バラシクロビルの副作用、腫瘤ができる病気の治療法

バラシクロビルは抗生物質の一つで、ヘルペスなどを治す効果があります。副作用は下痢などの消化器系の症状が軽く出る程度です。しかしバラシクロビルを長期間服用すると、その副作用も深刻になります。バラシクロビルの重篤な副作用として、腫瘤ができる菌状息肉症があります。これは皮膚の悪性リンパ腫の一種です。皮膚にできる悪性リンパ腫はそれほど発症頻度が高いものではありません。菌状息肉症はその中でも患者が最も多いリンパ腫です。通常はTh細胞が人間の体の免疫を司っていますが、何らかの理由で調和を無視して増殖する病気です。原因は不明ですが、悪性度が高くなく症状も緩やかとされます。菌状息肉症は病気の進行度によって3つに分けられます。まず紅斑期です。青年期から壮年期まで発症する可能性があり、腰や太ももの体の中心に近い部分で痛みや痒みが引き起こされます。わずかに盛り上がった赤い皮膚病変が出没したり場所が変わったりします。
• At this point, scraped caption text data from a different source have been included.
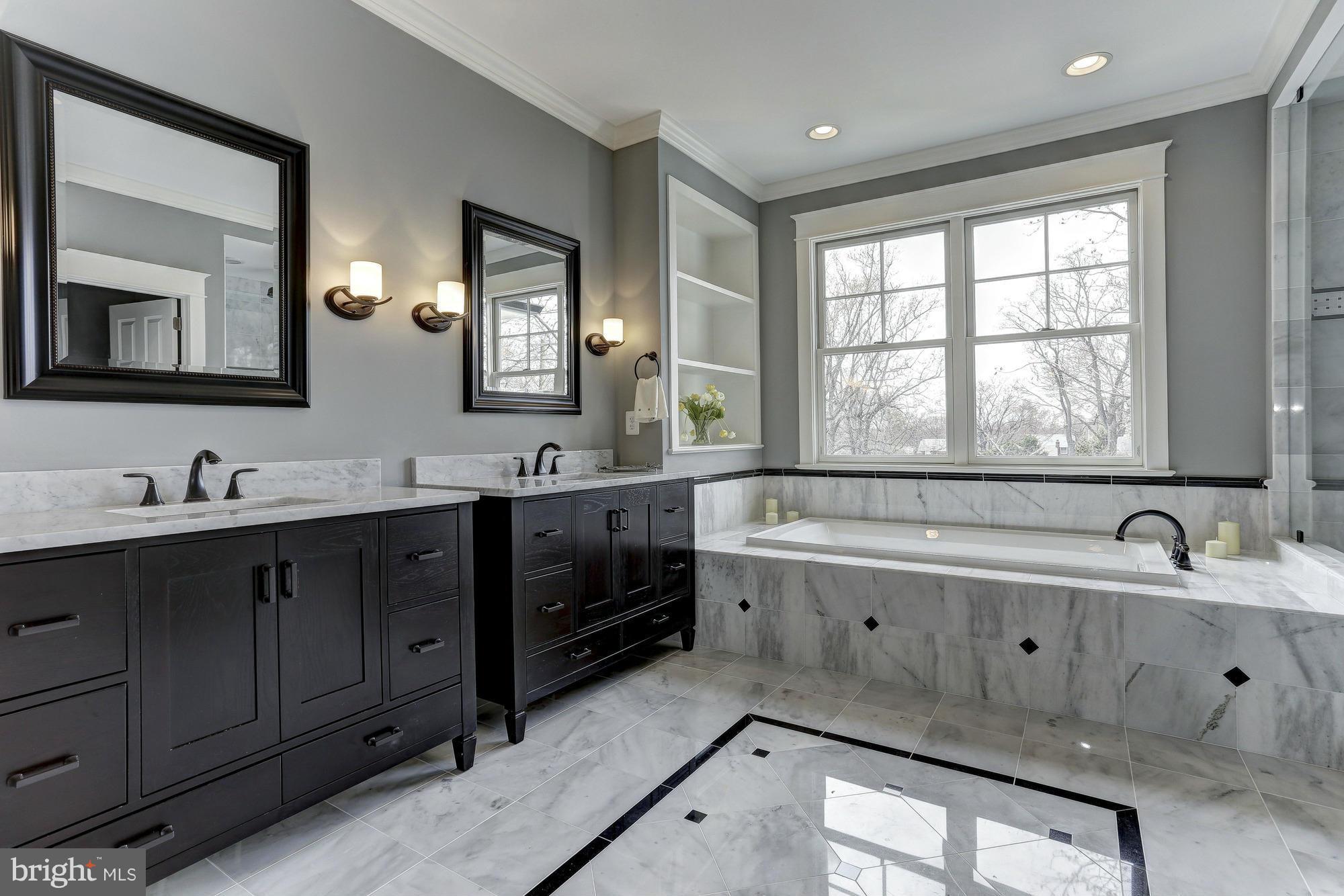 BROYHILL HEIGHTS - Residential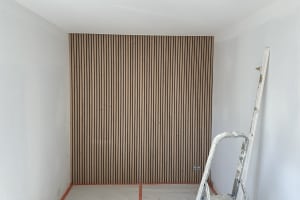 RENOVATION a UCCLE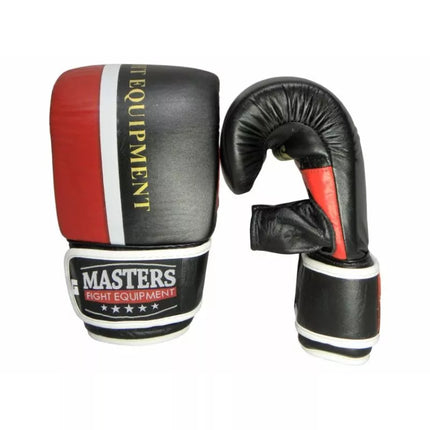 Instrumentinės pirštinės MASTERS RP-PL 10056-PLM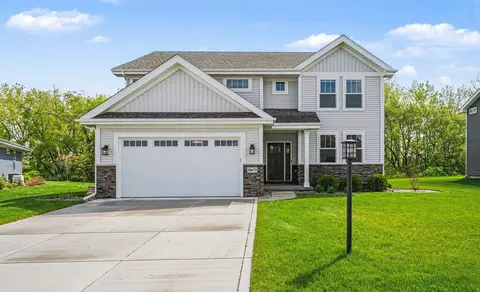 10671 Moraine Dr, Dyer, IN 46311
見ただけでは他の皮膚疾患と区別が付きません。数年~20年間で斑点が増えます。次に扁平浸潤期です。紅斑の一部が平坦な状態で、厚みを持ち盛り上がる段階です。紅斑期にできた皮疹や色素沈着、皮膚の萎縮なども見られます。紅斑期と扁平浸潤期の治療法は、皮膚に直接ステロイド軟膏を塗布するのが一般的です。また扁平浸潤期で皮疹の数が多い時は、電子線を用いた治療法を行います。そして腫瘤期では、紅斑が隆起してコブができます。表面がただれたり潰瘍化したりするので、全身の感染症をコントロールできなくて死亡する恐れがあります。腫瘤期の治療法には、抗がん剤による化学療法が加わります。さらに二次感染を防ぐために、放射能治療を行うこともあります。